=== INFORMATION SHOWN ===
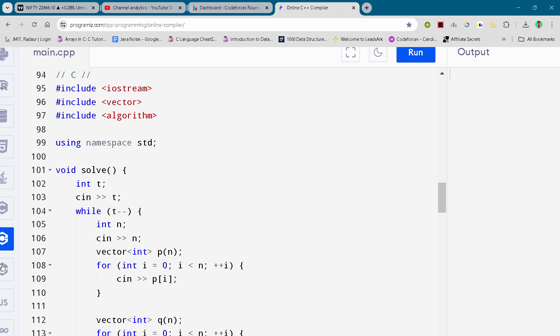Hey guys, I'm back with another Codeforces round 945. In this video I'll be giving you the solution for problem C. By the way, if you want to copy the code, it's been uploaded on my Telegram channel. The link is in the description.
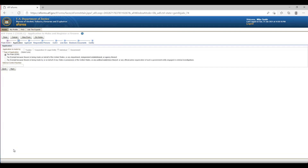Screen 2: Application Page. This screen is where you will indicate that you are paying the $200 tax to make an NFA firearm. You can leave the control number box empty and click Next.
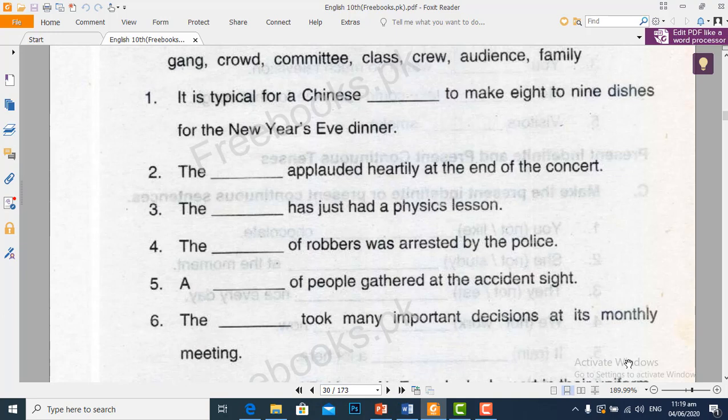So students, this is your lecture for today. I hope you understand it. If you have any question you are free to ask. Shukriya Allah.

=== ACTIVITY ===
What is needed is every line from the one with "Screen 2: Application" to the final line of the listing above, set down exactly and with the pictures left out.

=== SOLUTION ===
Screen 2: Application Page. This screen is where you will indicate that you are paying the $200 tax to make an NFA firearm. You can leave the control number box empty and click Next.
So students, this is your lecture for today. I hope you understand it. If you have any question you are free to ask. Shukriya Allah.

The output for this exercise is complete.